WORK INSTRUCTIONS:
Output exactly the lines from the one holding "Michael Jackson hugs" through the final line of the entries.

┄┄┄┄┄┄┄┄┄┄┄┄┄┄┄┄┄┄┄┄

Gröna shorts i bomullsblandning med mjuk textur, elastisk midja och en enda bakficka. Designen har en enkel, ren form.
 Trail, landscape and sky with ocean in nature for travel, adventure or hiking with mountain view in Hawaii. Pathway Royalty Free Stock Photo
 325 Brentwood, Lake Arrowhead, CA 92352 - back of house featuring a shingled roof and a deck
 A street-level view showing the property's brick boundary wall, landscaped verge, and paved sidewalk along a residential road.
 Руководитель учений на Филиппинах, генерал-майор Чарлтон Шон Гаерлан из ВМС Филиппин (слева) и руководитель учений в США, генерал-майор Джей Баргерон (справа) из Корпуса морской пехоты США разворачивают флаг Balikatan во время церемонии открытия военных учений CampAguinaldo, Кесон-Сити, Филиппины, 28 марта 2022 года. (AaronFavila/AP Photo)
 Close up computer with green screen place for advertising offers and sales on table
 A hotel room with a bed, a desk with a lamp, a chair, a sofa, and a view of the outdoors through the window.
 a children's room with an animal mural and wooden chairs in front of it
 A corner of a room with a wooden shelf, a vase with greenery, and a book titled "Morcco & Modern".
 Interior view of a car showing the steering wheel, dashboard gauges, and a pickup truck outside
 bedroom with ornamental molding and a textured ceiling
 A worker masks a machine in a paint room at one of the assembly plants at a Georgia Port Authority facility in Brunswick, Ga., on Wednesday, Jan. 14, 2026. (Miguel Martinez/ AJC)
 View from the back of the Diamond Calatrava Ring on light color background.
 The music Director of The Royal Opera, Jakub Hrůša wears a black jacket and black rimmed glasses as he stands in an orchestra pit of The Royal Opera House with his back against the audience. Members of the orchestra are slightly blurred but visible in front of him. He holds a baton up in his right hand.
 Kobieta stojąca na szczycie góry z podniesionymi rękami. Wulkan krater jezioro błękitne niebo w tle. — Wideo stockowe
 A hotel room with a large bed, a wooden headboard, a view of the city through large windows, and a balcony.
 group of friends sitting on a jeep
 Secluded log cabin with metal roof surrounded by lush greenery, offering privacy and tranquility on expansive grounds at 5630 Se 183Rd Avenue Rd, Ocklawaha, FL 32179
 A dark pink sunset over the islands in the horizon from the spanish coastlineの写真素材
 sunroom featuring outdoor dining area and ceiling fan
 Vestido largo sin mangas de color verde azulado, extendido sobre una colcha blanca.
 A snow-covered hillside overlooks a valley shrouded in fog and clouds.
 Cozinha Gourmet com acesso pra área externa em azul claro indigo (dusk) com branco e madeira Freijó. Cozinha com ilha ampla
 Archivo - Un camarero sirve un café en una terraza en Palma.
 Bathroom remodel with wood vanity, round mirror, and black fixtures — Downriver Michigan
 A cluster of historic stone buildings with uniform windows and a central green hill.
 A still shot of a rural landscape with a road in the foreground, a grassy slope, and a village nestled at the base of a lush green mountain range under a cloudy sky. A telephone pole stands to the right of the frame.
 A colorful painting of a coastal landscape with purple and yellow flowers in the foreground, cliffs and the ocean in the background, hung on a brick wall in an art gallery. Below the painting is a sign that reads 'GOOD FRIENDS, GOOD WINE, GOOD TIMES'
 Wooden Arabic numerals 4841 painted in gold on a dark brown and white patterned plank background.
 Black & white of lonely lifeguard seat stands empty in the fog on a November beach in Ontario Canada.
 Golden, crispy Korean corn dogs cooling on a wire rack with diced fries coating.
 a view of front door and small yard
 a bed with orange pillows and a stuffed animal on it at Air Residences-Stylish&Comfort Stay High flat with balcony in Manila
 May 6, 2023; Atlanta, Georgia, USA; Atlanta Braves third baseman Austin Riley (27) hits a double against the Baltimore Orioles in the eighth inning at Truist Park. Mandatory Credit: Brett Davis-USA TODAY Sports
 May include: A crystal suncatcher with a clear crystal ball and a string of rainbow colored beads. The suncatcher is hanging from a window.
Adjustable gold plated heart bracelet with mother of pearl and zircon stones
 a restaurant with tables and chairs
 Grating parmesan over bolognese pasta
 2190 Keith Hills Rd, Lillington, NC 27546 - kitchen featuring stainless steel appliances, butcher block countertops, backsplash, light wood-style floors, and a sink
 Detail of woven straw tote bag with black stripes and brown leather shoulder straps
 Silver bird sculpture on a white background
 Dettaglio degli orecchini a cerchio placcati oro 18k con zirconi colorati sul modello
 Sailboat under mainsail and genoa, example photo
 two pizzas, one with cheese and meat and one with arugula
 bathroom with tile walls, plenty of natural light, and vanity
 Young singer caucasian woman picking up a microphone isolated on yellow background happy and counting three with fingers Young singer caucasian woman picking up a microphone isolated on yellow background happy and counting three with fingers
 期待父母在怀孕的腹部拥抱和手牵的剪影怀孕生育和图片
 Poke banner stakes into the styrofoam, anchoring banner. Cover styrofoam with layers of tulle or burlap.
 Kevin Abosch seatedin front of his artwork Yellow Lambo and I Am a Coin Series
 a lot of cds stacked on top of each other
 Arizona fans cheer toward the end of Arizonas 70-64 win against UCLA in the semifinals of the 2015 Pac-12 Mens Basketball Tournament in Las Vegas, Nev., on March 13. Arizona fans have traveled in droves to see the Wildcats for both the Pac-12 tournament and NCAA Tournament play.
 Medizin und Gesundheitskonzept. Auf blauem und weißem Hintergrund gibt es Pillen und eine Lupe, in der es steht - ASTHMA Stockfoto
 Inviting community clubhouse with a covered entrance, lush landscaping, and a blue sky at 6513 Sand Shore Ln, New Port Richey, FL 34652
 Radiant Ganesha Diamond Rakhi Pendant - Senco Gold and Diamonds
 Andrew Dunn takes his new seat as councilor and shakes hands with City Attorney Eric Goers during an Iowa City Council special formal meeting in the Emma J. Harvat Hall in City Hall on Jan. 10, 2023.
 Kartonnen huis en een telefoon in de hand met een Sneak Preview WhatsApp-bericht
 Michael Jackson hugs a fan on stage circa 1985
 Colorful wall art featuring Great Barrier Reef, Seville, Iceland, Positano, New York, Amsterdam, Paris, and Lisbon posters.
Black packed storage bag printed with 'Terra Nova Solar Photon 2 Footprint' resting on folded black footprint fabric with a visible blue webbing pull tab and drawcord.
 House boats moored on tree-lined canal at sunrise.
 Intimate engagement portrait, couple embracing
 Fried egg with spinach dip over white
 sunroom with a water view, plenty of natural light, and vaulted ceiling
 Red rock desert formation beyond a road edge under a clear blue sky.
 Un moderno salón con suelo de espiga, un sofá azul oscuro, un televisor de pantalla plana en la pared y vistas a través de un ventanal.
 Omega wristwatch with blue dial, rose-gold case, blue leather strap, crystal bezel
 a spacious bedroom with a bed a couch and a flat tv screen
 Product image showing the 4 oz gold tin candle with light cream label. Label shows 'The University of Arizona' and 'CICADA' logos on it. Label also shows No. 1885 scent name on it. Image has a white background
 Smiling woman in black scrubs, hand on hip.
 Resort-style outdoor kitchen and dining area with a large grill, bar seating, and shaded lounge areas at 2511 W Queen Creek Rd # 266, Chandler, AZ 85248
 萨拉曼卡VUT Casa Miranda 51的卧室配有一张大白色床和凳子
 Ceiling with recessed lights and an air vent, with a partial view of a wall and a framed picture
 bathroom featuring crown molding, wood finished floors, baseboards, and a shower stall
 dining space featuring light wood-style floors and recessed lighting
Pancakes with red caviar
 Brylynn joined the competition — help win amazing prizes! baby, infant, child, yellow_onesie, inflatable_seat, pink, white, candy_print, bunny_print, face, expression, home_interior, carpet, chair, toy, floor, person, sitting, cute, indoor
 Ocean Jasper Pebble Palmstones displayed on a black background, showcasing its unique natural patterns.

┄┄┄┄┄┄┄┄┄┄┄┄┄┄┄┄┄┄┄┄

REPLY:
 Michael Jackson hugs a fan on stage circa 1985
 Colorful wall art featuring Great Barrier Reef, Seville, Iceland, Positano, New York, Amsterdam, Paris, and Lisbon posters.
Black packed storage bag printed with 'Terra Nova Solar Photon 2 Footprint' resting on folded black footprint fabric with a visible blue webbing pull tab and drawcord.
 House boats moored on tree-lined canal at sunrise.
 Intimate engagement portrait, couple embracing
 Fried egg with spinach dip over white
 sunroom with a water view, plenty of natural light, and vaulted ceiling
 Red rock desert formation beyond a road edge under a clear blue sky.
 Un moderno salón con suelo de espiga, un sofá azul oscuro, un televisor de pantalla plana en la pared y vistas a través de un ventanal.
 Omega wristwatch with blue dial, rose-gold case, blue leather strap, crystal bezel
 a spacious bedroom with a bed a couch and a flat tv screen
 Product image showing the 4 oz gold tin candle with light cream label. Label shows 'The University of Arizona' and 'CICADA' logos on it. Label also shows No. 1885 scent name on it. Image has a white background
 Smiling woman in black scrubs, hand on hip.
 Resort-style outdoor kitchen and dining area with a large grill, bar seating, and shaded lounge areas at 2511 W Queen Creek Rd # 266, Chandler, AZ 85248
 萨拉曼卡VUT Casa Miranda 51的卧室配有一张大白色床和凳子
 Ceiling with recessed lights and an air vent, with a partial view of a wall and a framed picture
 bathroom featuring crown molding, wood finished floors, baseboards, and a shower stall
 dining space featuring light wood-style floors and recessed lighting
Pancakes with red caviar
 Brylynn joined the competition — help win amazing prizes! baby, infant, child, yellow_onesie, inflatable_seat, pink, white, candy_print, bunny_print, face, expression, home_interior, carpet, chair, toy, floor, person, sitting, cute, indoor
 Ocean Jasper Pebble Palmstones displayed on a black background, showcasing its unique natural patterns.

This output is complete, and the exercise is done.